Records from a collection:
════

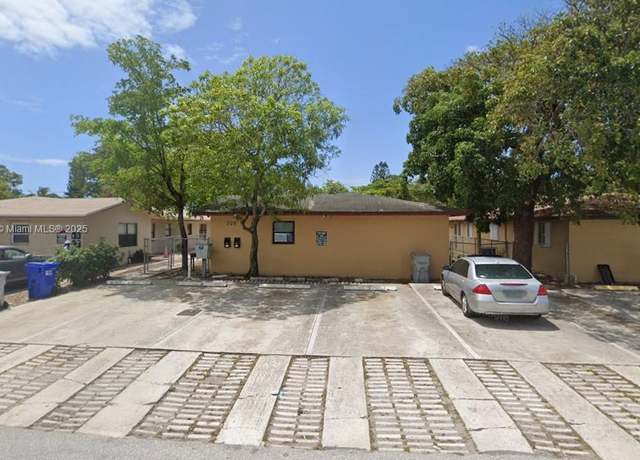 Property at 228 NW 12th St, Pompano Beach, FL 33060, 8 beds, 4 baths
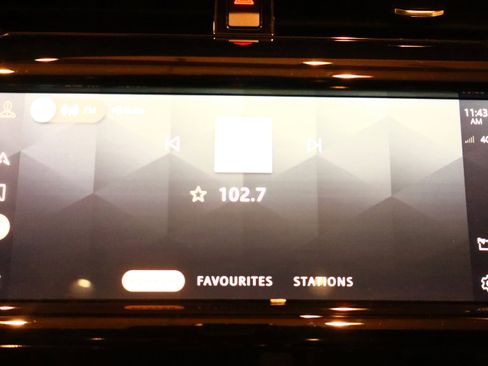 Used 2021 Land Rover Discovery Sport S image 31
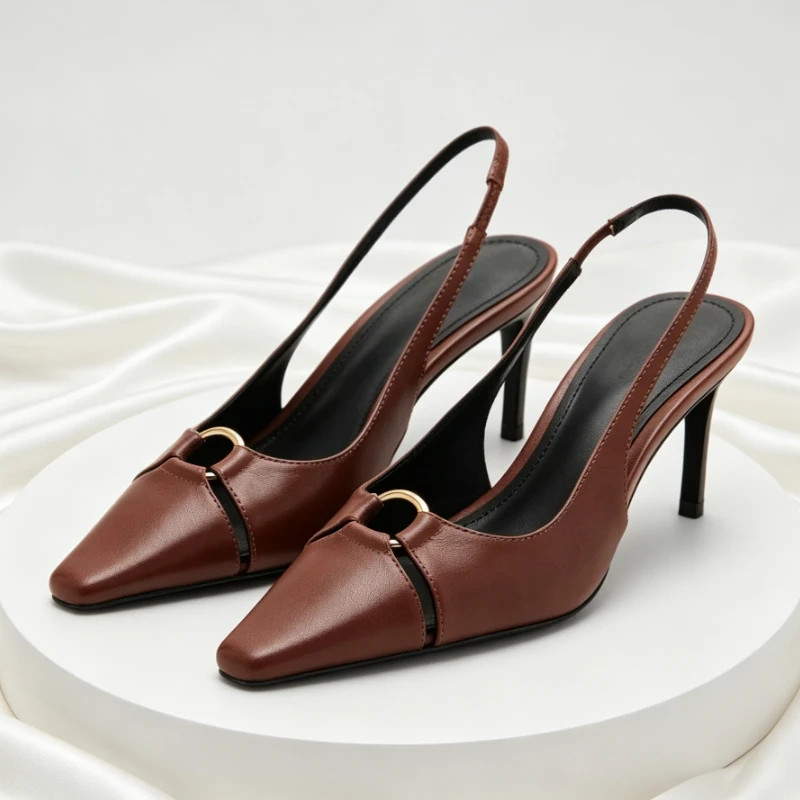 Luxury Metal Ring Decoration High Heels Women Designer New Back Strap Pointed Toe Women's Pumps Elegant Stiletto Heel Mules
Luxury Metal Ring Decoration High Heels Women Designer New Back Strap Pointed Toe Women's Pumps Elegant Stiletto Heel Mules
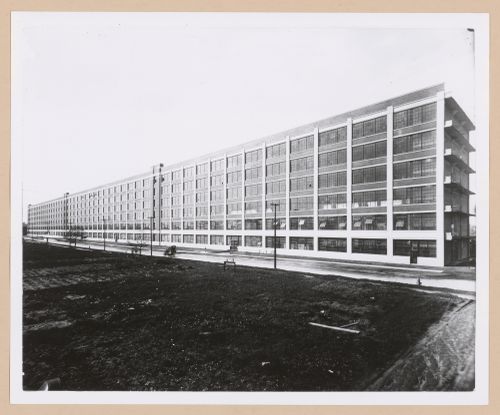 View of the principal façade of the Fisher Body Company Automobile Parts Plant, Cleveland, Ohio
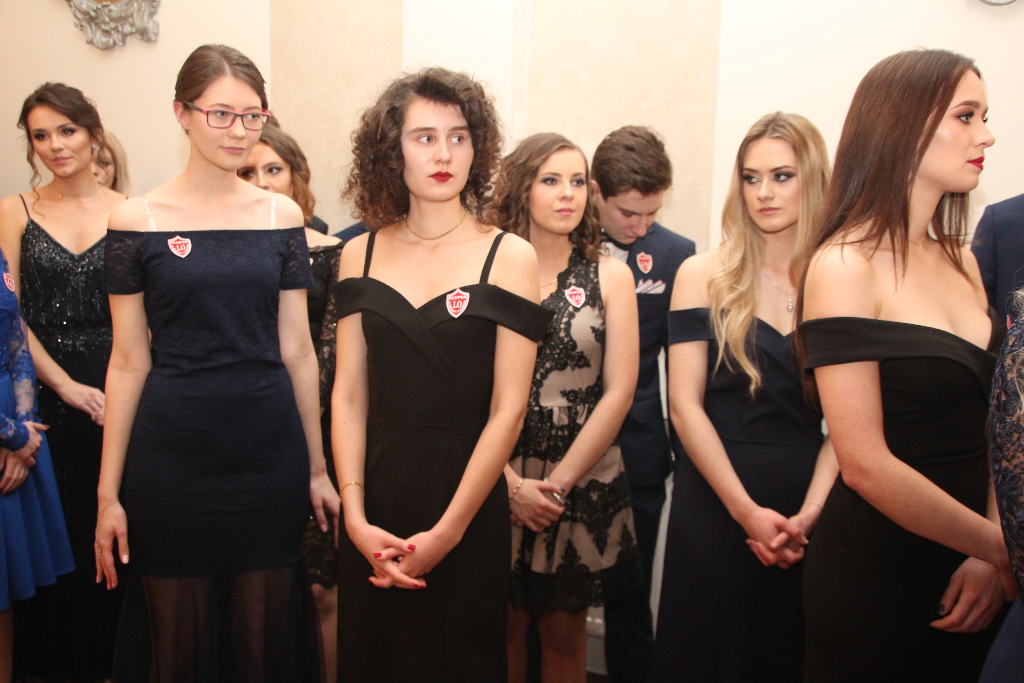 Studniówka Ogólniaka. Zobacz zdjęcia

════

* Your task:
The data above must be reproduced exactly, without any of its pictures.

* Task output:
 Property at 228 NW 12th St, Pompano Beach, FL 33060, 8 beds, 4 baths
 Used 2021 Land Rover Discovery Sport S image 31
 Luxury Metal Ring Decoration High Heels Women Designer New Back Strap Pointed Toe Women's Pumps Elegant Stiletto Heel Mules
Luxury Metal Ring Decoration High Heels Women Designer New Back Strap Pointed Toe Women's Pumps Elegant Stiletto Heel Mules
 View of the principal façade of the Fisher Body Company Automobile Parts Plant, Cleveland, Ohio
 Studniówka Ogólniaka. Zobacz zdjęcia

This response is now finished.